Nurses and staff help raise awareness of fatal condition
MEDICAL staff across South Wales have been raising awareness of a potentially fatal condition, in a bid to save lives.
Nurses in Morriston, Singleton, Neath Port Talbot and the Princess of Wales Hospitals, took part in World Sepsis Day events yesterday.
The aim of the day was to help drive home the message among Abertawe Bro Morgannwg University (ABMU) health board patients and staff, that early diagnosis of the condition - which is caused by the body overreacting to an infection, attacking its own organs and tissues - can save lives.
It is estimated to cause 1,850 deaths a year in Wales.
As well as information stands being set up in dining areas in the hospitals, ward surveys were carried out, while medical and nursing staff took quizzes on the condition. Talks were also organised for junior medical staff.
ABMU resuscitation officer Mark Dawson said: "We hear of people dying of infections.
"Often it was sepsis. For example, if someone dies of sepsis after being severely burnt, the cause of death is listed as complications due to burns.
"Because sepsis is seldom listed as the cause of death, many people think it isn't a problem. That is one of our biggest concerns, and increasing awareness of sepsis is a major goal."

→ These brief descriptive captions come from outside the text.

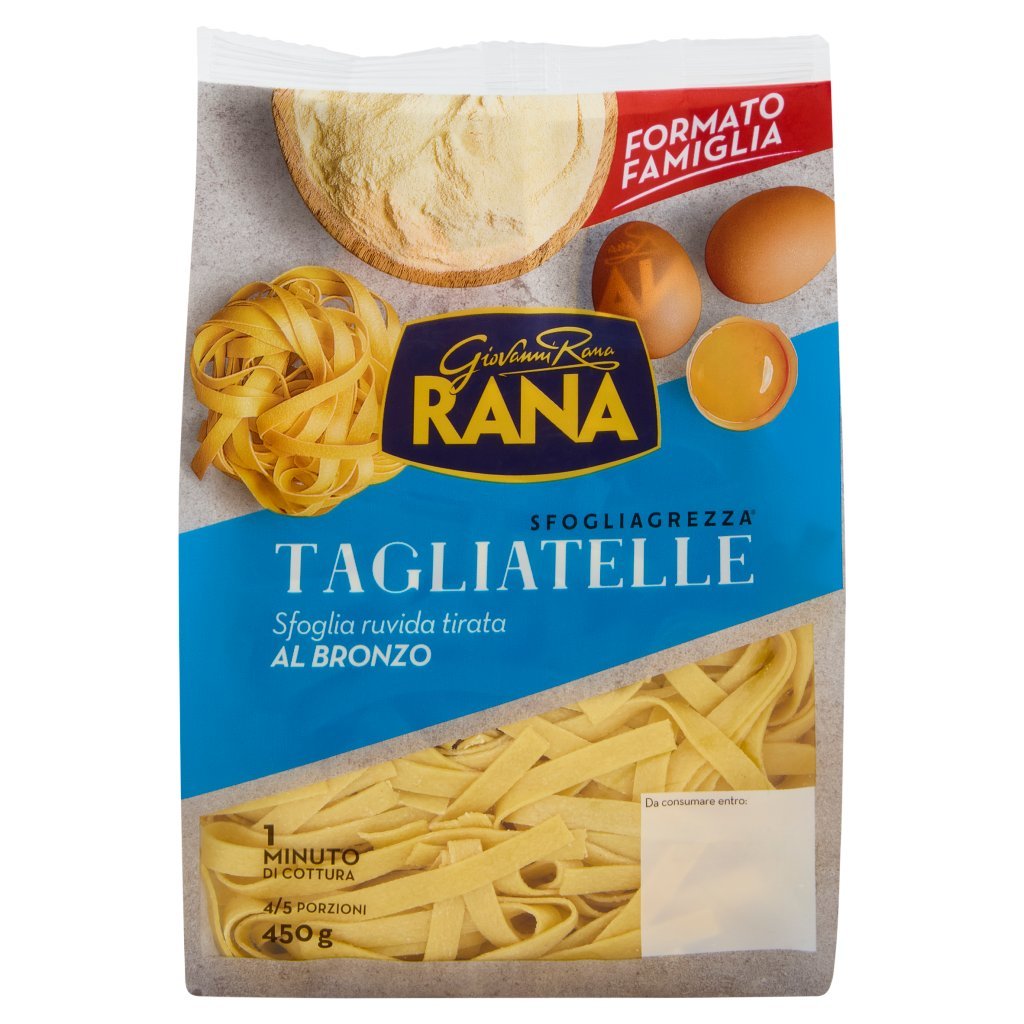 Giovanni Rana Sfogliagrezza Tagliatelle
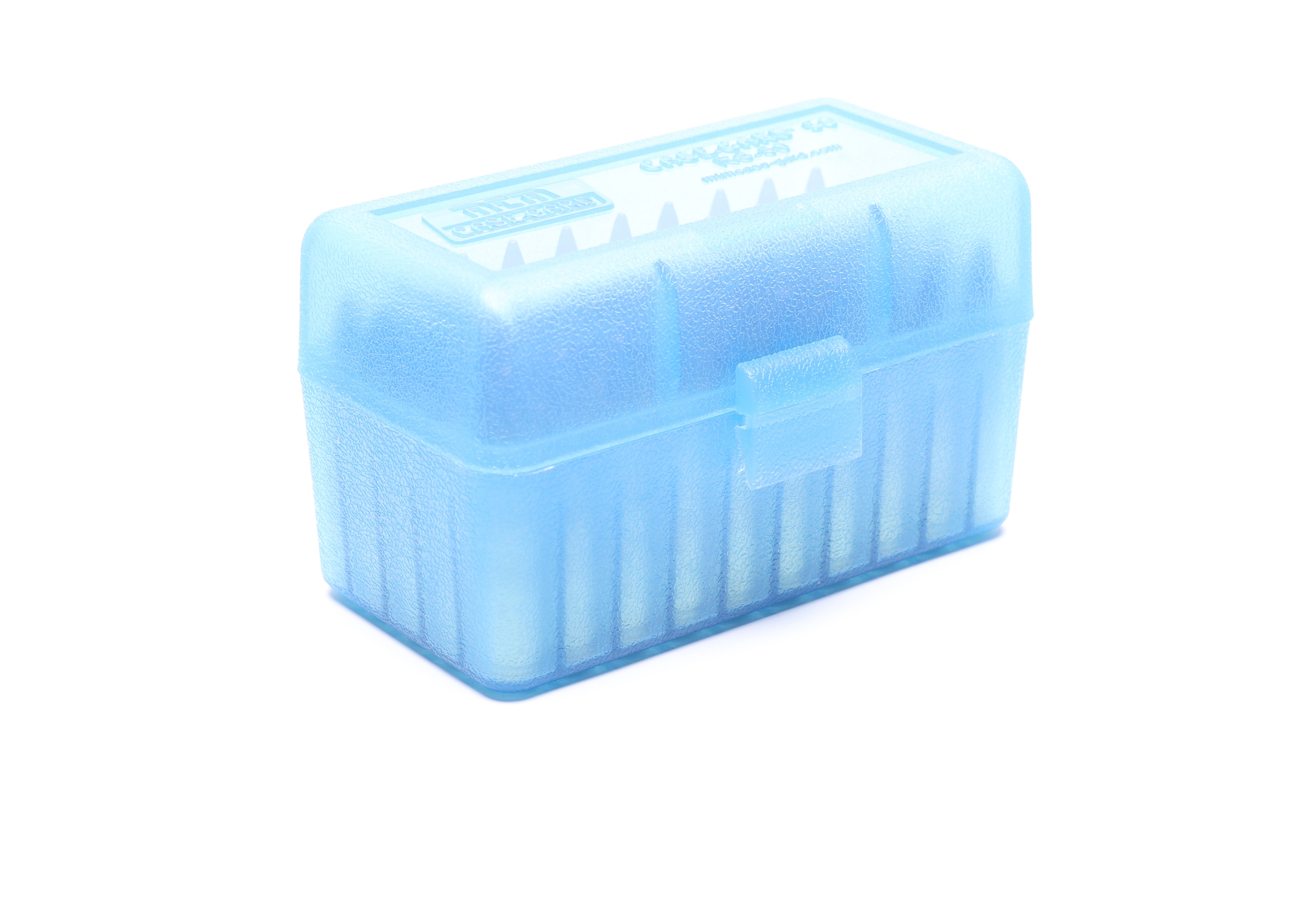 RM-50 Rifle Ammo Box 50 Round 220 Swift 243 308 Win 6.5 Creedmoor 6.8x51, USA Made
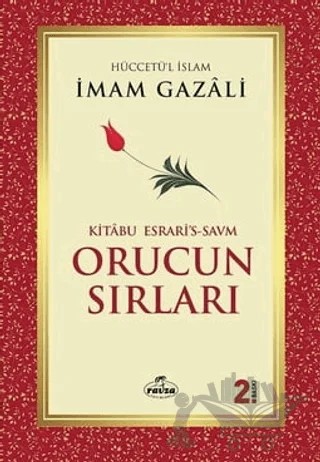 Orucun Sırları – İmam-ı Gazali – Ravza Yayınları kitap kapağı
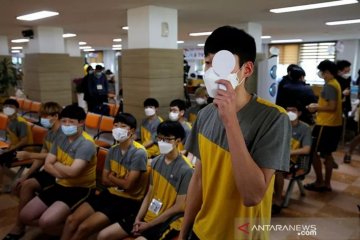 Kasus melonjak, Korea Selatan nyatakan status tertinggi wabah corona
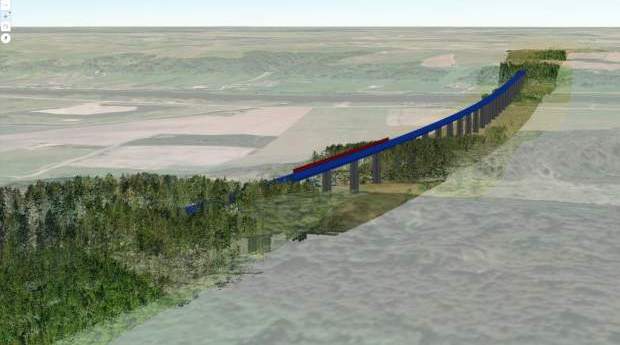 BIM to build a digital railway from scratch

Symptoms of sepsis include very high or low temperature, a racing heartbeat, rapid breathing and confusion or slurred speech. Skin can also be cold, pale, discoloured or marked.
If the patient has two or more symptoms, they need a doctor. However, if they have lost consciousness or not passed water for more than 18 hours, they are in need of urgent hospital admission.
Among those taking part in the World Sepsis Day events were Morriston Hospital critical care outreach nurses Tracy Owen and Nikki Boyland.
They went around the wards, raising awareness of sepsis among nursing and medical staff, and ensuring they knew about and used the screening tool.
Tracy said: "They were all aware of it and were using it."